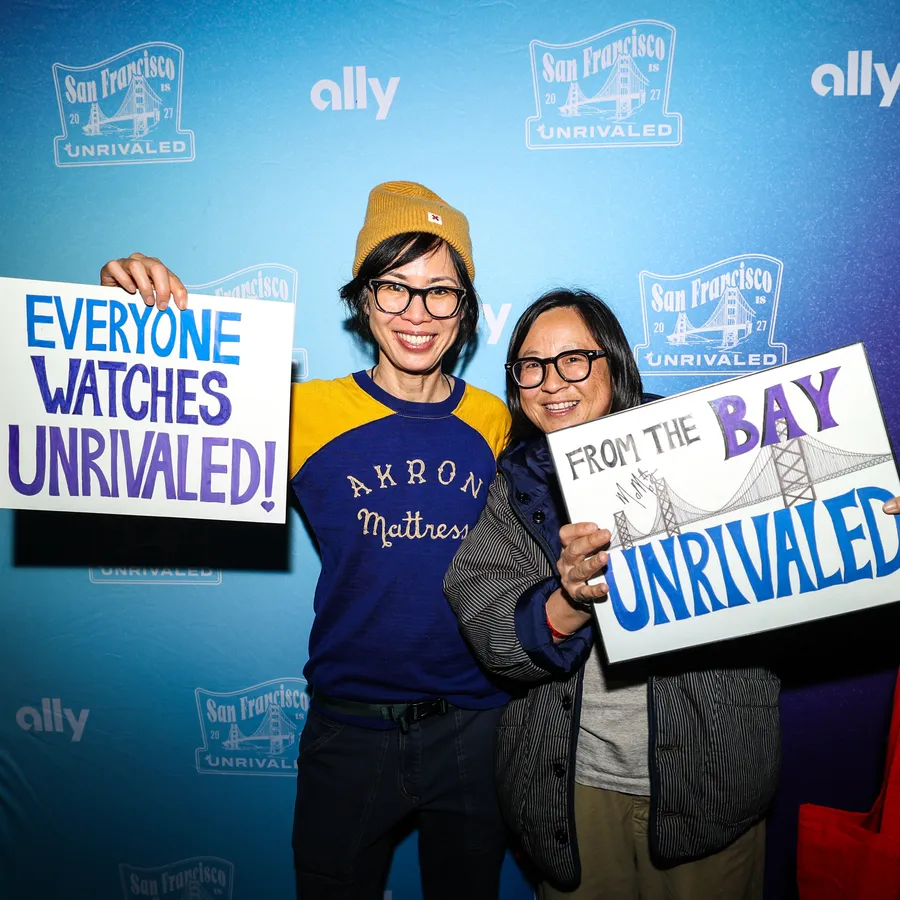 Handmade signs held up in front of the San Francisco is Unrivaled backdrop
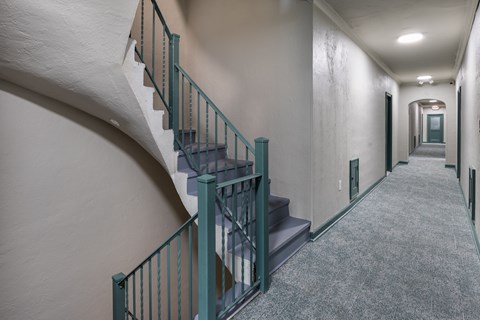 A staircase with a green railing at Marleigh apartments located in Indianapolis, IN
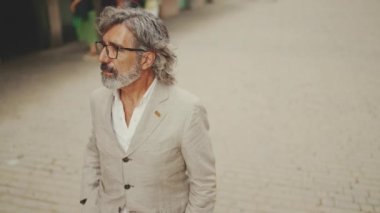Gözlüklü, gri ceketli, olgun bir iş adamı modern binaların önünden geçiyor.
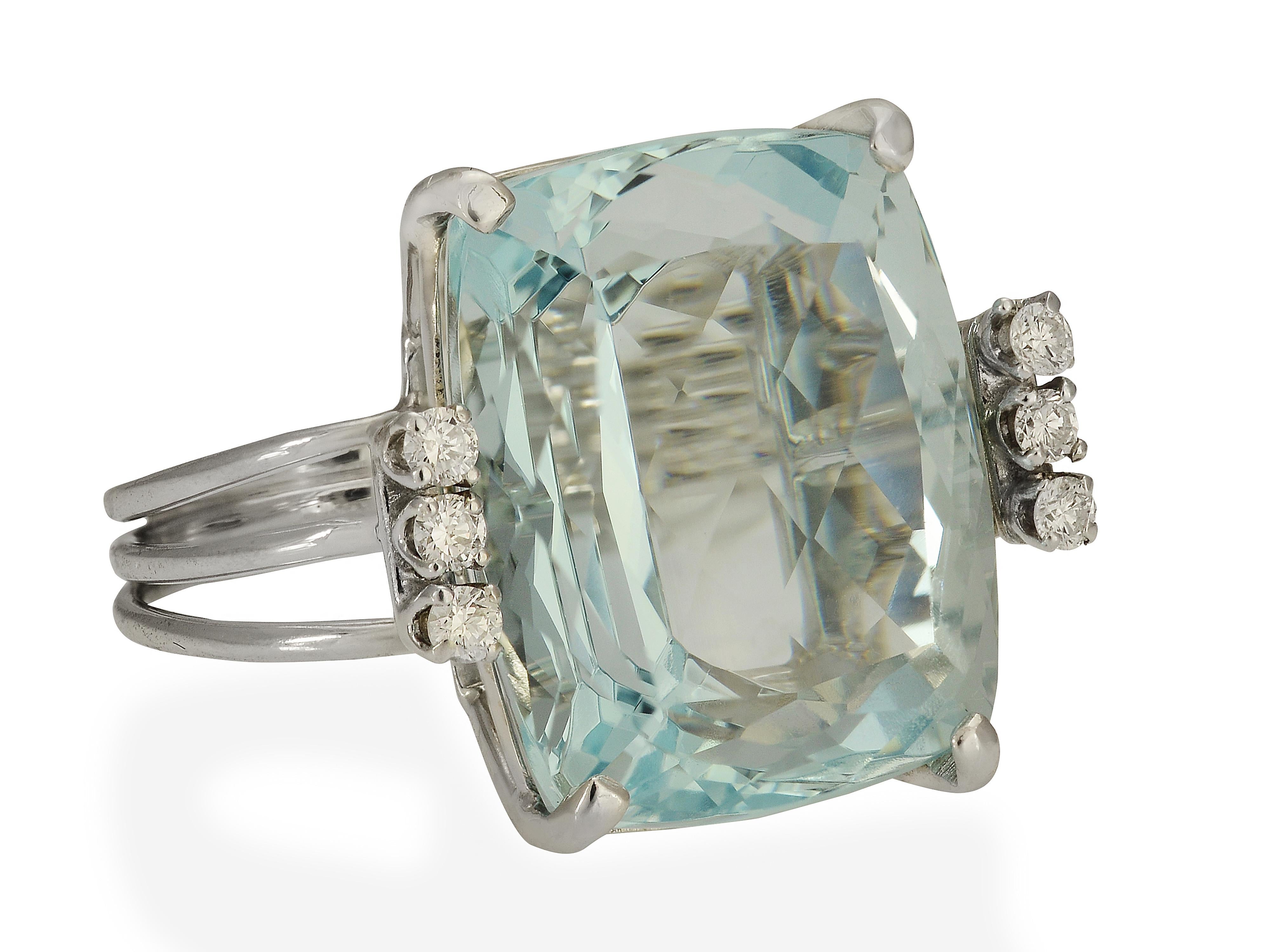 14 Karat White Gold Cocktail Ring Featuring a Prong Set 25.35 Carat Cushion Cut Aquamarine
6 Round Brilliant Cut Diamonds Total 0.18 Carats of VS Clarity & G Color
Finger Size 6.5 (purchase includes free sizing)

○ ○ ○

**Work required:**
Because the pictures are not wanted, retype every record exactly without them.

**Solved exercise:**
 Handmade signs held up in front of the San Francisco is Unrivaled backdrop
 A staircase with a green railing at Marleigh apartments located in Indianapolis, IN
Gözlüklü, gri ceketli, olgun bir iş adamı modern binaların önünden geçiyor.
 14 Karat White Gold Cocktail Ring Featuring a Prong Set 25.35 Carat Cushion Cut Aquamarine
6 Round Brilliant Cut Diamonds Total 0.18 Carats of VS Clarity & G Color
Finger Size 6.5 (purchase includes free sizing)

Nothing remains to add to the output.